WeAct RP2040 board adds 16MB flash, USB-C port to Raspberry Pi Pico form factor

If the Raspberry Pi Pico’s 2MB of QSPI flash is not quite sufficient for your needs, and you’d not quite a fan of micro USB ports, the WeAct RP2040 “clone” comes with up to 16MB flash and a USB Type-C port for power and programming.

Another improvement is the addition of a reset button, which can be convenient for flashing UF2 firmware, and the pinout remains mostly the same.
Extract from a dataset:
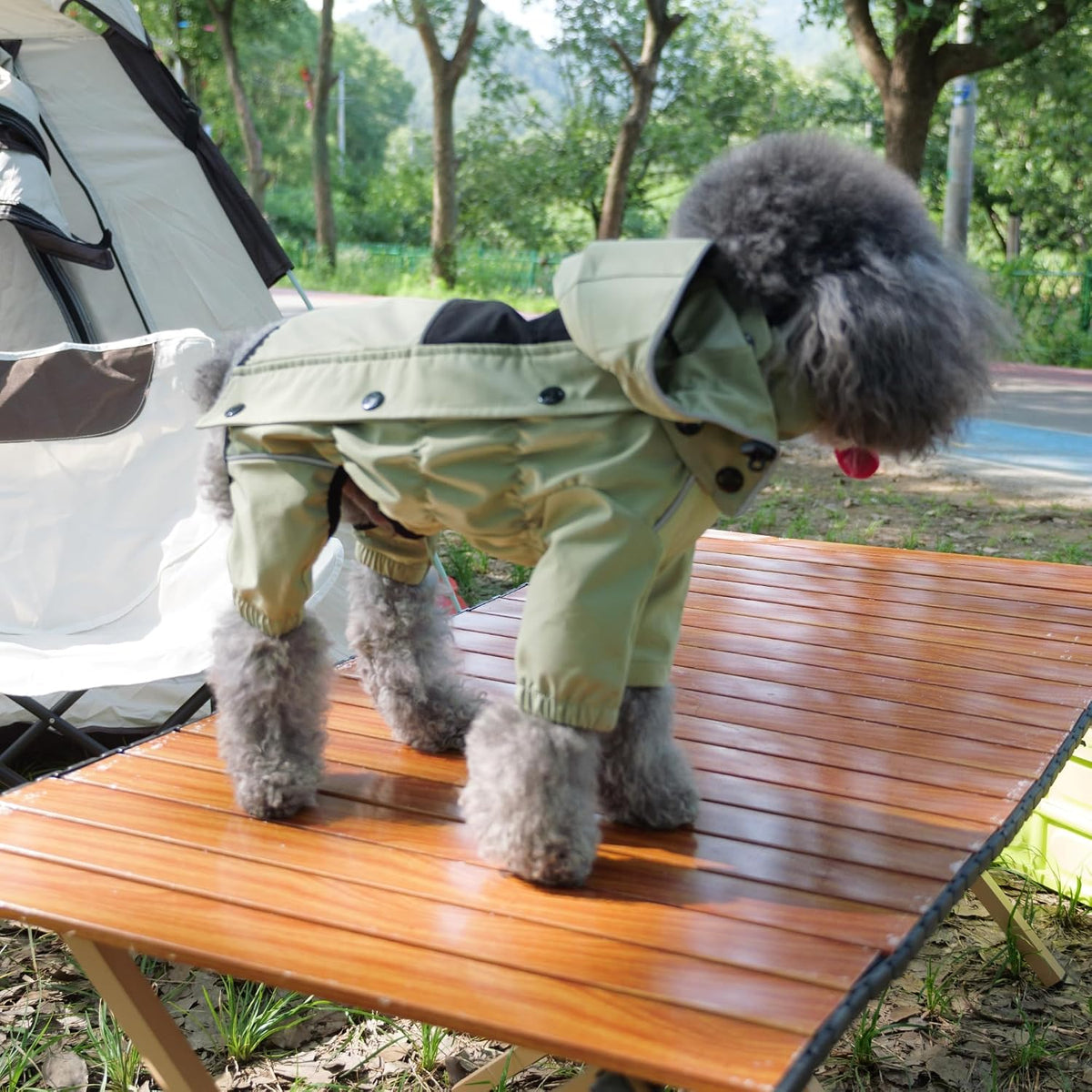 LOVELONGLONG Waterproof Dog Raincoat with Removable Hood – Outdoor Full Body Dog Jacket, Windproof Snowproof Shell Suit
The price is not quite as low as the original Raspberry Pi Pico, but the board sells for an affordable $5.99 with 2MB flash, while the 16MB flash variant goes for $8.99 with shipping included in both cases.
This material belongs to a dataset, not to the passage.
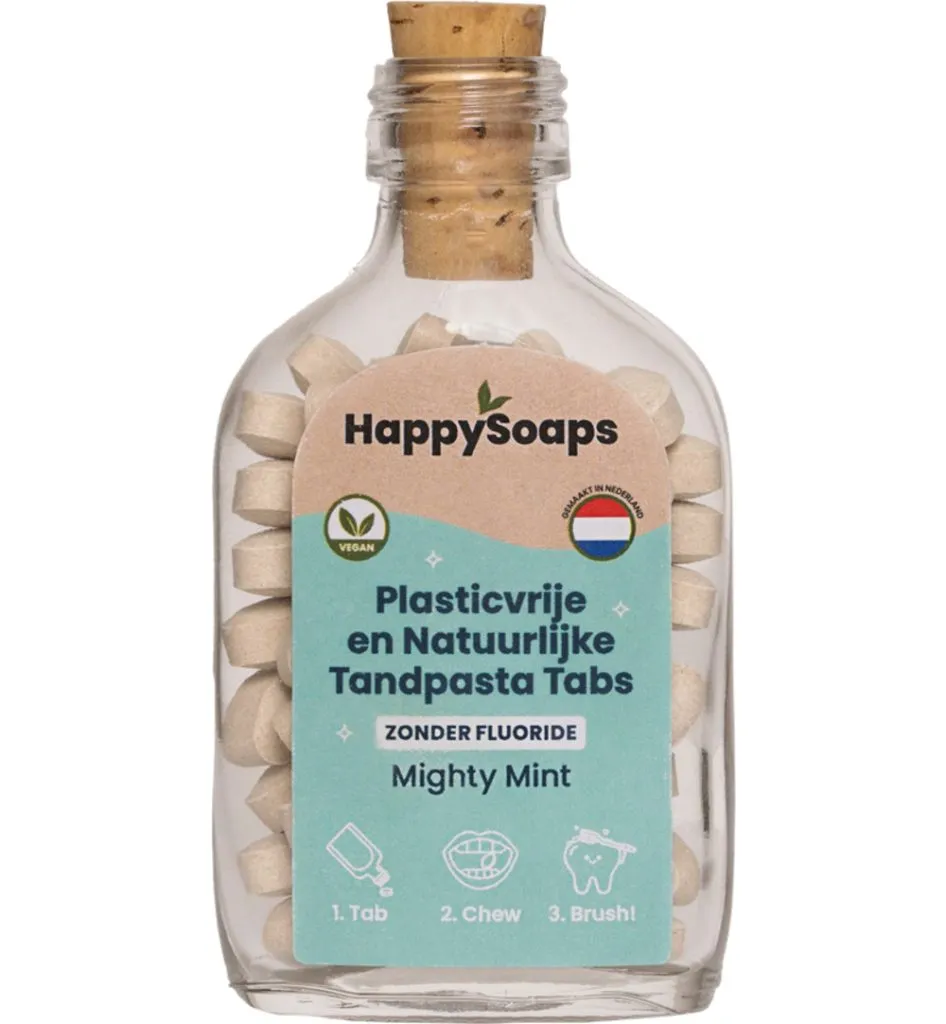 Happysoaps Tandpasta tabs zonder fluoride (62 tabletten)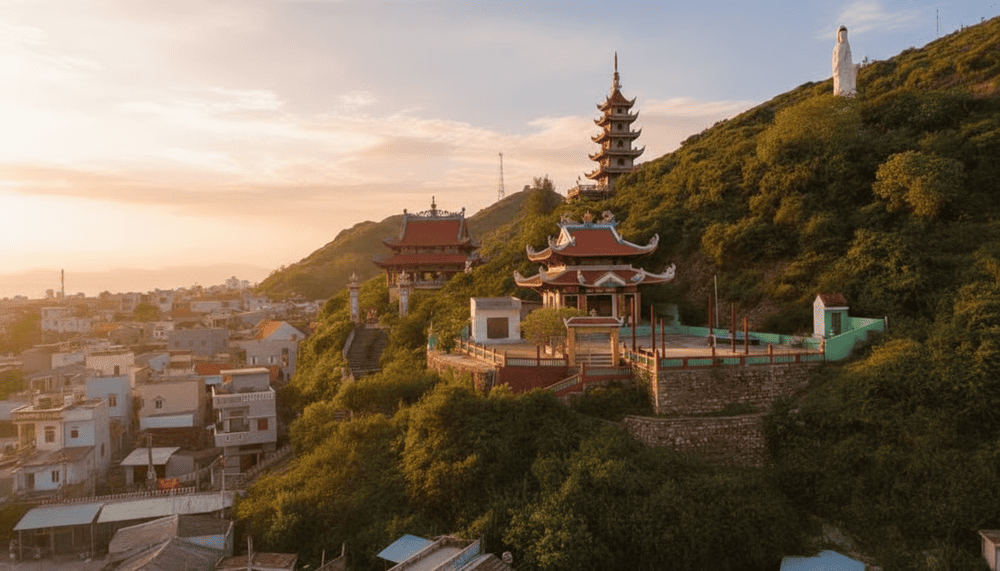 Ch&ugrave;a Phước Sa nh&igrave;n từ tr&ecirc;n cao (Nguồn: Internet).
Raspberry Pi Pico clone: WeAct RP2040

WeAct RP2040 specifications:

  • MCU – Raspberry Pi RP2040 dual-core Cortex-M0+ microcontroller @ 133 MHz (overclockable to 250+ MHz) with 264KB SRAM
  • Storage – 2MB to 16MB QSPI flash
  • USB – 1x USB 1.1 Type-C port used for power and programming
  • Expansion
    • 2x 20-pin 2.54mm pitch header and castellated holes with 28 GPIOs, 3x 12-bit ADC up to 500 Kbps, 2x UART, 2x I2C, 2x SPI, 16x PWM, 2x programmable high-speed I/O (for SD card, VGA, etc…)
    • 3.3V I/O voltage
  • Debugging – 4-pin Arm Serial Wire Debug (SWD) port
  • Misc – BOOTSEL button, NRST reset button, user LED (GP25), 1x Timer with 4x alarms, RTC
  • Power Supply – 5V via USB Type-C port or 2 to 5V DC via VSYS pin
  • Dimensions – 53 x 21.5mm (Pico is 51 x 21 mm)
WeAct RP2040 pinout

The board should remain compatible with Raspberry Pi Pico MicroPython and C/C++ SDKs, as well as community-supported firmware. But there are some other small differences as well, as the castellated holes are gone, so if you had a baseboard design that used those, it won’t work with the WeAct RP2040, and the DEBUG header adds a 3.3V pin, and the pin arrangement is also different. While the left header (pin 1 to 20) pinout is exactly the same, there are some changes to the right header.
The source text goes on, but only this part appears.